Capita che quando gli artisti sono troppo avanti, scavalchino gli steccati del decoro manierato e delle convenienze musicali per sostenere le ragioni degli spiriti indomabili: “Sono un ribelle, mamma, vai a dormire non star sveglia nella stanza…” è ormai un inno dei nottambuli casalinghi di ogni etnìa. Ma la vocazione da elite di massa del gruppo riappare quando Antoni si presenta con un mantello bianco e foglie di lauro alle tempie, in una citazione del compianto John Belushi di Animal House nella scena dello scombiccherato toga party. E’ il cantante stesso degli Skiantos in un’altro momento dello show, a riconoscere di essere “oscenico”, come front-man.

A partire dai tre pezzi in apertura di concerto, tratti dal loro ultimo lavoro, gli Skiantos arrotano i loro strumenti proprio “sulla cresta dell’onta” su cui sostano da qualche decennio, facendone sfrigolar fuori scintille e distorsioni che si perdono tra gli occhi pesti di chi è stato “contro” come loro per tutti questi anni. Una gran fatica, come quella che forse compie Gianluca “La molla” Schiavon, col suo impetuoso drumming che “tambureggiante” è dir poco, ma almeno son stati coerenti, anche se a volte si rischia di far la figura della “Testa di pazzo”; altre volte però, qualcuna lancia un reggiseno sul palco, e questo significherà pur qualcosa. Qualcuno forse rimprovererà agli Skiantos di non essersi raffinati musicalmente in tutto questo tempo, ma questa ci appare una strategia mirata a non appiattirsi sulle classifiche e a non assecondare con leziosità un pubblico che già di suo si è smaliziato fino a porsi come elite di “prosumers” e che cerca di mantener viva la sua dimensione spaventosamente grezza di massa, dandole non di rado connotazioni tribali magari metropolitane che la virulenza del punk può in qualche modo assi-curare. Al tempo stesso, la demenzialità riduce a pattume ogni spiegazione, compresa giusta-mente questa, e offre spiegazioni di tutto nei termini ilari di una salutare caciara comunicativa.
Dopo la chiusura del concerto, sancita da ben quattro bis, il leader ha annunciato una “seconda parte dello spettacolo, a cui seguirà il dibattito, una istituzione da recuperare…” Come si vede, l’esigenza, oltre che di suonare duro, di far luce sui mal di panza che ci rovinano la gioventù è manifestata con una vivacità bipolare che spinge gli Skiantos a cantare sia “Massacrami pure”, sia “Ti rullo di cartoni”.

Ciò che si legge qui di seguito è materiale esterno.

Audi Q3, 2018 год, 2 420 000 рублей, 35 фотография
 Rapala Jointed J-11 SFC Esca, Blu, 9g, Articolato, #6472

La formazione attuale in cui ogni componente è ribattezzato con uno pseudonimo demenziale, si avvale, accanto ai due membri fondatori Roberto Antoni detto ‘Freak’, Voce, laureato al DAMS con una tesi sui Beatles, e Fabio ‘Dandy Bestia’ Testoni, Chitarra e Cori, chitarrista neoprofes-sionista e rocchettaro militante, anche di Max “Magnus” Magnani, Basso e Cori; Luca ‘Tornado’ Testoni, Chitarra; Gianluca “La Molla” Schiavon, Batteria, mentre hanno fatto parte della storia del gruppo in passato Andrea Setti detto ‘Jimmi Bellafronte’, geometra e cantante per diporto, Stefano ‘Spisni Sbarbo’ Cavedoni, universitario DAMS, attore di prosa, clown, poeta e cantante, Leo ‘Tormento’ Pestoduro, Andy Bellombrosa, Frankie Grossolani, Gianni Lo Grezzo, etc.